I am coming to R from python panda code.
In my R dataframe I am trying to calculate column as follows:
s1$change_max1[s1['change_abs'] >0 ]= s1['high']-s1['close'] - s1['change_abs']
s1$change_max1[s1['change_abs']< 0 ]= s1['low'] -s1['close'] - s1['change_abs']
s1$change_max1[s1['change_abs']==0 ]= s1['change_abs']
It's not working as expected, similar code in pandas work as expected.
s.loc[s1['change_abs']>0 ,'change_max']= s1['high']-(s1['close'] - s1['change_abs'])
s.loc[s1['change_abs']<0 ,'change_max']= s1['low'] -(s1['close'] - s1['change_abs'])
s.loc[s1['change_abs']==0,'change_max']= s1['change_abs']

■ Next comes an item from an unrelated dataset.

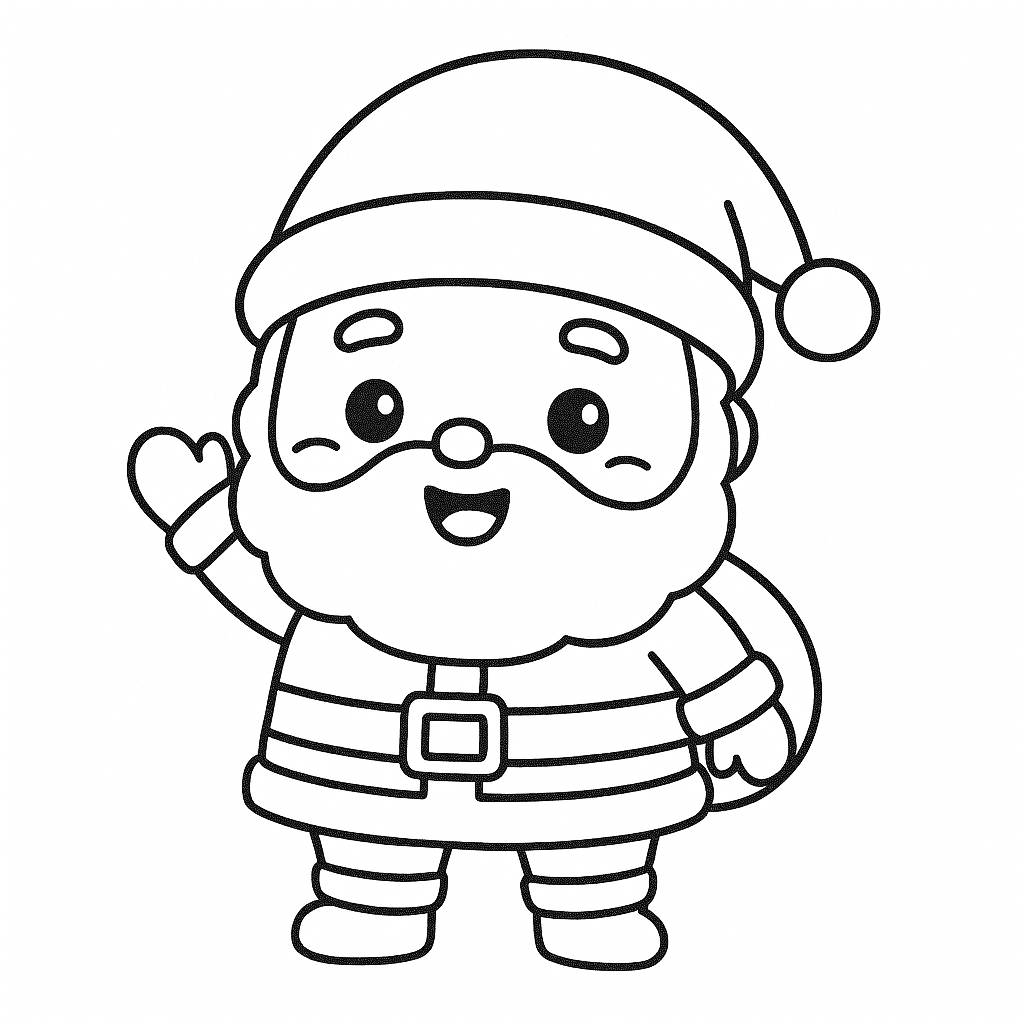 Ông già Noel kawaii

it looks to me that on the right side in first snippet I can not use entire data frame, while left side is only a subset.
What am I missing?
Thanks
CodePudding user response:
The reason could be related to the length difference in the rhs and lhs i.e. rhs expression is full column length whereas lhs length is just a subset.
s1$change_max1 <- NA_real_
i1 <- sign(s1$change_abs)
s1$change_max1[i1 %in% 1 ] <- with(s1, high - close - change_abs)[i1 %in% 1]
s1$change_max1[i1 %in% -1 ]<- with(s1, low - close - change_abs)[i1 %in% -1]
s1$change_max1[i1 %in% 0 ] <- 0
Or may use a nested ifelse
or case_when
library(dplyr)
s1 <- s1 %>%
mutate(change_max1 = case_when(
change_abs > 0 ~ high -(close - change_abs),
change_abs < 0~ low -(close - change_abs),
change_abs == 0 ~ 0))
CodePudding user response:
I believe that the code below answers the question. Untested, since there is no data.
i_zero <- which(s1$change_abs == 0)
s1$change_max1[i_zero] <- s1$change_abs[i_zero]
s1$change_max1[-i_zero] <- abs(s1$high - s1$close)[-i_zero] - s1$change_abs[-i_zero]